Семь храмов | страница 56



— Мокер! — прокричал рыцарь так, что все вокруг задрожало. — Что бы мы без него делали? — Он стоял перед алтарем и показывал на окна. — Видите вот эти окружья? А вон те готические изломы окон центрального нефа — так вот, знаете ли вы, что оставило здесь барокко и что пришлось исправлять Мокеру? Круглые окошки!

— Признаюсь, — решил я присоединиться к его критическим высказываниям, — барокко мне тоже не по душе.

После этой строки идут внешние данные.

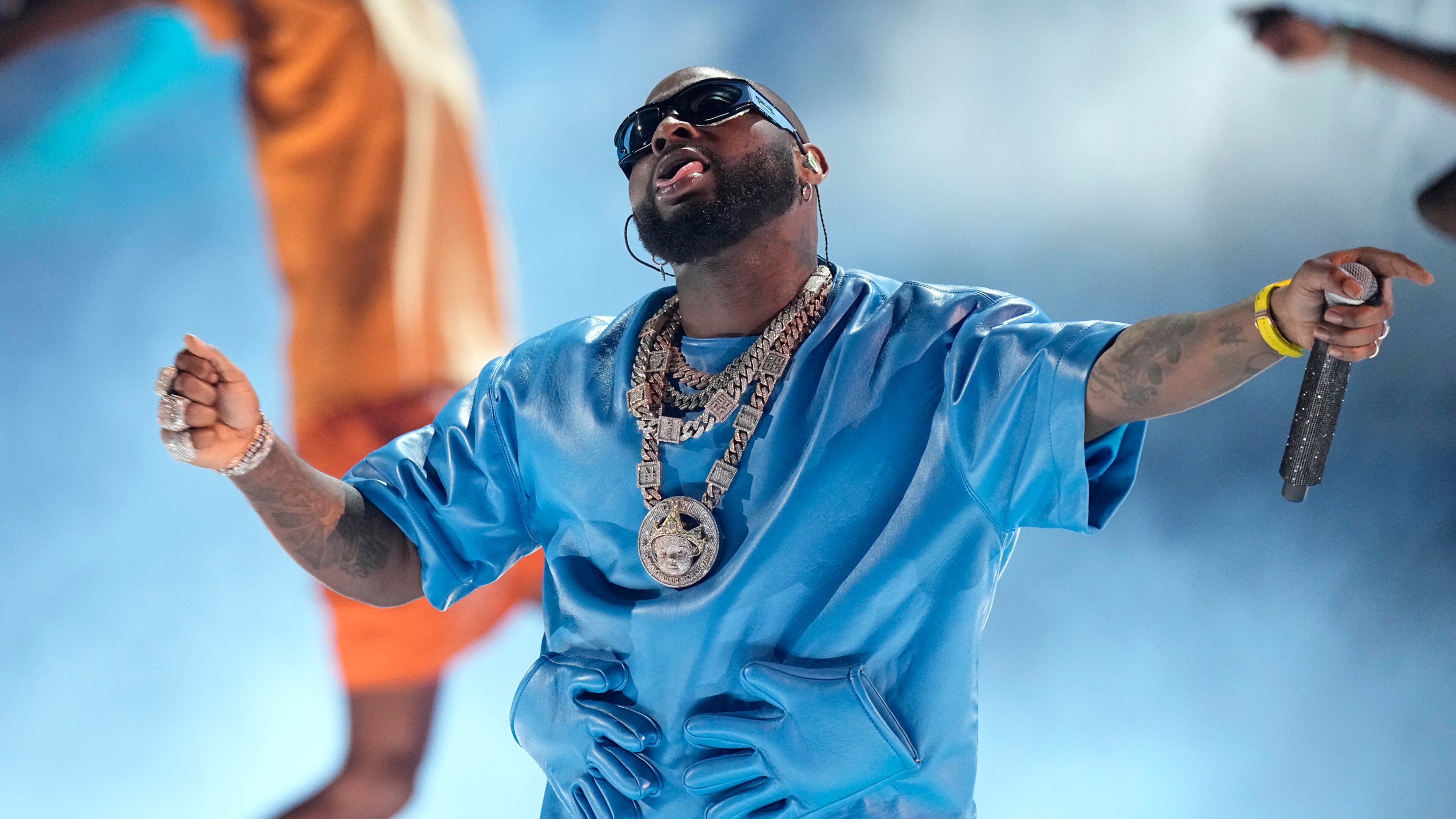 Davido performs a medley at the BET Awards on Sunday, June 25, 2023, at the Microsoft Theater in Los Angeles. (AP Photo/Mark Terrill)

— Барокко — это самый глупый стиль. Пережили ли мы худшую напасть? Функционализм и стилевая разноголосица двадцатого века. Я ничего не имею против зданий, которые вырастило само барокко, но как же осмелились тогдашние архитекторы поднять руку на неподражаемую готику? Непростительная дерзость. Барочные колбочки в чешских селах — пожалуйста, села это выдержат, более того — барокко вообще стало для них своим, однако в иных случаях с барокко нужно держать ухо востро, оно может быть настойчивым и назойливым. Для городов его сложные планы, буйные красоты и купола имели катастрофические последствия. Готическая шатровая кровля, самый характерный признак архитектуры средневековой Европы, погибла именно из-за этих плебейских луковиц! Я верю в красоту простоты, и сложности не превзойти ее. Ренессанс влился в готику вполне органично; я признаю, что большая башня Святого Вита, которая долгие годы очень раздражала меня, взятая отдельно, сама по себе, является смелым и в то же время взвешенным архитектурным решением. Но если мы окинем взором весь храм, в том числе и башню, которая должна была бы пасть, но не пала,[23] то поймем, что это кощунство, что она привлекает внимание вовсе не к Господу, а к себе.

— В сравнении с барочными церквами собор просто красавец.

— Вам не стоит тратить силы на убеждения. Это у меня нечто вроде мании — перетаскивать людей на свою сторону, даже если они там и так уже находятся. Как вы думаете, Розета, мне это удается?

— А как насчет чудака Прунслика? — ответила она вопросом на вопрос. — Я думала, он ваш слуга, но получается, что не так уж он и заинтересован в работе на вас.

— Он мне не слуга, он свободный человек и может делать, что пожелает. Слегка сумасшедший, правда… как вы уже заметили. — Гмюнд прикрыл глаза ладонью — в них бил утренний свет. Я попытался поймать его взгляд. Кажется, он смотрел на окружья окон. Он даже достал блокнот и начал в нем что-то рисовать.

— Это его имя, — продолжала Розета. — Раймонд. Оно английское?

— Ваше тоже звучит не слишком по-чешски.